───── Data records ─────
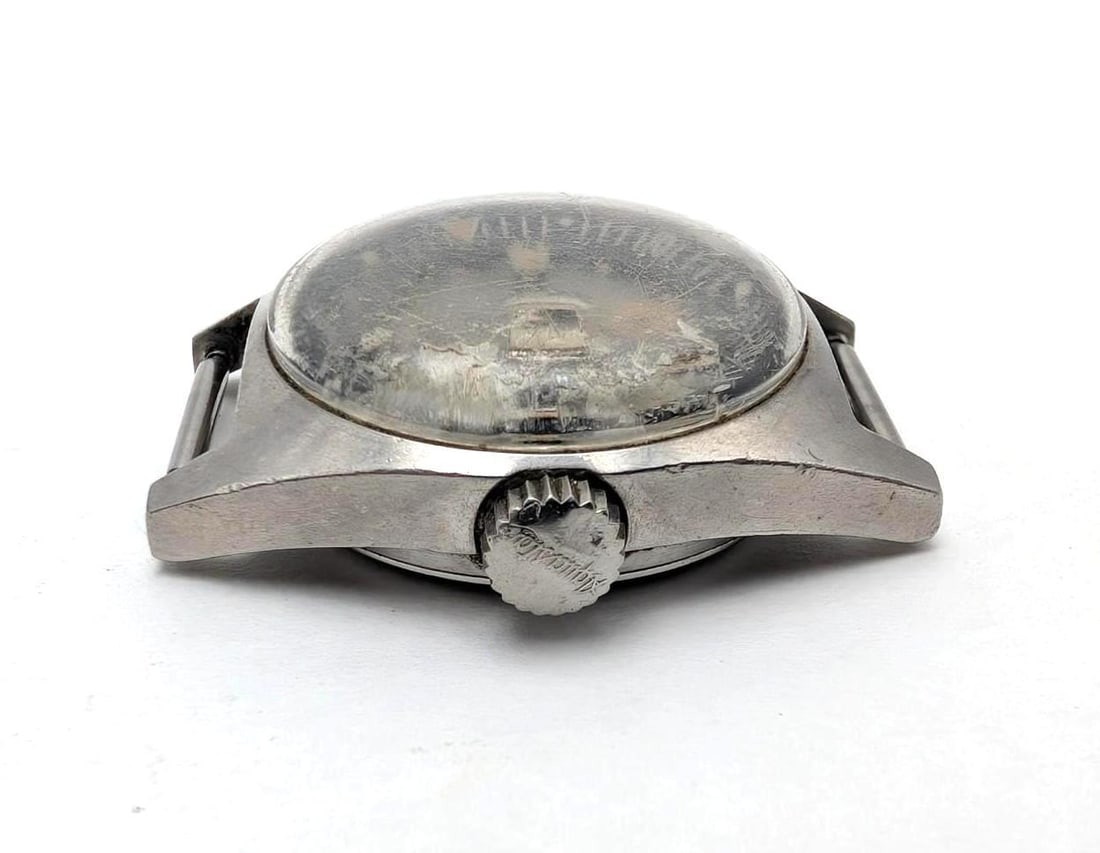 Vintage Aquastar Aquastarlet Wrist Watch - 5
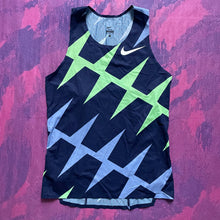 Load image into Gallery viewer, 2020/21 Nike Pro Elite Distance Singlet (M)
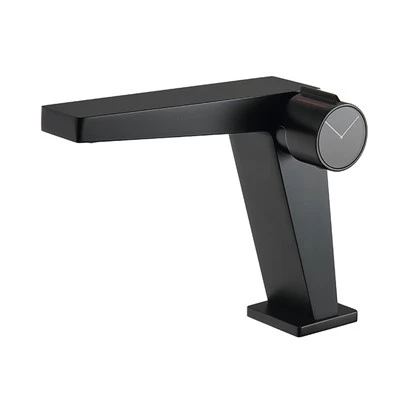 Miscelatore Lavabo Rubinetto Corto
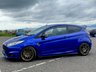 USED 2014 14 FORD FIESTA 1.6 ST-3 3d 180 BHP 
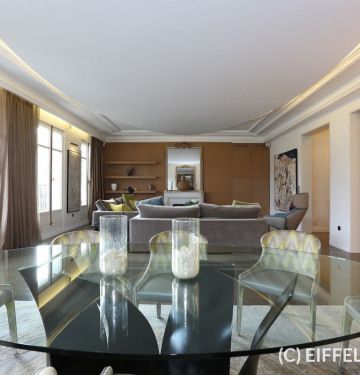 Appartement • Chaillot - Photo 5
─────
* **Aim of the exercise**:
Where the line containing "Miscelatore Lavabo Rubinetto Corto" appears above, start there and set down each line exactly through the last line of the data; leave out every picture.

* **Task result**:
 Miscelatore Lavabo Rubinetto Corto
 USED 2014 14 FORD FIESTA 1.6 ST-3 3d 180 BHP 
 Appartement • Chaillot - Photo 5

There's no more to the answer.